Wednesday, October 05, 2005

The Threat to Free Speech on the Internet

For all its flaws, the Internet has proven to be a powerful tool for free speech and expression. Unfortunately, as Carlos Ramos-Mrosovsky & Joseph Barillari recently noted for National Review Online, a number of authoritarian regimes are trying to change this by having the UN take over responsibility for cyberspace:

The Internet is decentralized by design, having grown from the U.S. government's efforts to build a computer network that could survive catastrophic failures. Some elements, however, must be centrally administered to guarantee the Internet's orderly operation. The U.N. has its sights set on the most important of these, the Internet Corporation for Assigned Names and Numbers (ICANN). ICANN, a nonprofit contractor for the U.S. Department of Commerce, ensures that top-level domain names (.com, .edu, .uk), specific domain names (yahoo.com, ebay.com), and IP addresses (64.94.177.98, the numeric address for nationalreview.com), do not conflict. An Internet without ICANN would be like a telephone network in which everyone picked his own telephone number. ICANN delegates much of its work to a mix of regional organizations and commercial registries. This system has served the Internet well.

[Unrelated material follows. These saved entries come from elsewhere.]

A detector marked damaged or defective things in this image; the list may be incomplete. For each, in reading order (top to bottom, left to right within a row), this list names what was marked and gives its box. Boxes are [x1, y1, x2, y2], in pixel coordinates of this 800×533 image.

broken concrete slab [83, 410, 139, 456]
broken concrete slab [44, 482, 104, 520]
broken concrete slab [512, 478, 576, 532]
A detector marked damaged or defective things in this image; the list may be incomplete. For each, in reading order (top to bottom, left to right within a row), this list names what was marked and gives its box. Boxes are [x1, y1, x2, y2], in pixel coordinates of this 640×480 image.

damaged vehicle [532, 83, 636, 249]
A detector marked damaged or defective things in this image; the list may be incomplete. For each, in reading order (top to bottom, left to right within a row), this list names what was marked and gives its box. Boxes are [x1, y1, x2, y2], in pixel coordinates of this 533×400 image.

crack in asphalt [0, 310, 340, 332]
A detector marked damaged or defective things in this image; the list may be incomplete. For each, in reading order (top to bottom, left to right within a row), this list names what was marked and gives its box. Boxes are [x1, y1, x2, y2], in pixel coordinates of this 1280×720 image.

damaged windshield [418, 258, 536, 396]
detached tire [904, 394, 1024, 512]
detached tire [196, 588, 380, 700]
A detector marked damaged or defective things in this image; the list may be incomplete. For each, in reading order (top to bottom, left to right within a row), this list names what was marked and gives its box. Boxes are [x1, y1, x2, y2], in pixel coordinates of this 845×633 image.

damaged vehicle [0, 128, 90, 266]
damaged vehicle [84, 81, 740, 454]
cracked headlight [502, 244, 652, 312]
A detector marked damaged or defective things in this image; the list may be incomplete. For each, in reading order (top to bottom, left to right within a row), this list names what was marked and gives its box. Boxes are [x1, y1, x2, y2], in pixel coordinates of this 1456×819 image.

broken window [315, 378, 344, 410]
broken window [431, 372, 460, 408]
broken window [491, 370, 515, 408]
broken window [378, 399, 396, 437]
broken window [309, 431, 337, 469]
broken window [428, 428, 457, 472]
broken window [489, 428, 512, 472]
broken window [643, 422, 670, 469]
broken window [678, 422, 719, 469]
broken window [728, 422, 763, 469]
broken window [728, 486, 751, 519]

Nevertheless, a 2003 WSIS meeting asked U.N. Secretary General Kofi Annan to convene a Working Group on Internet Governance (WGIG) to develop proposals to internationalize control of the Internet. Composed of representatives from the private sector, NGOs, and governments, including those of Saudi Arabia, Cuba, China, Iran, and a number of supranationally inclined European states, the 41-member body delivered its final report this July. WGIG's proposals include shifting control of ICANN to an "International Internet Council," entrusted with an additional murky mandate over Internet-related "international public policy."



At the forefront of these efforts is China, whose Leninist dictatorship has taken a pioneering role in creating a model of a censored Internet. Ramos-Mrosovsky and Barillari aptly summarize why Beijing and other dictatorial regimes would benefit from UN control over the web:

Only dictators, and, perhaps, the doctrinaire internationalists who so often abet them, stand to gain from placing the Internet under "international" control. If, for example, the U.N. were to control domain names, its component tyrannies would find it much easier to censor and repress. After all, "internet public policy" is subject to interpretation, and it is hard to imagine international bureaucrats resisting — as ICANN and the U.S. largely have — the temptation to politicize their task. At first, this could even seem reasonable: E.U. officials might seek to eliminate neo-Nazi domains. Inevitably, however, dictatorships would seek to extinguish undesirable foreign web content at the source. Given the U.N.'s penchant for condemning good causes, it is easy to imagine Tehran pushing to suppress "racist" (i.e. "Zionist") websites, or steady pressure from Beijing to eliminate Taiwan's ".tw" domain. (One China, one top-level domain.)


It is a less than auspicious sign that Tunisia, which is slated to host the UN's November 2005 World Summit on the Information Society (WSIS), has itself just blocked access to a dissident web site. Fortunately, so far the US is holding firm against the UN proposal. The current arrangements regarding the Internet may not be perfect, but they are far preferable to the proposed alternative.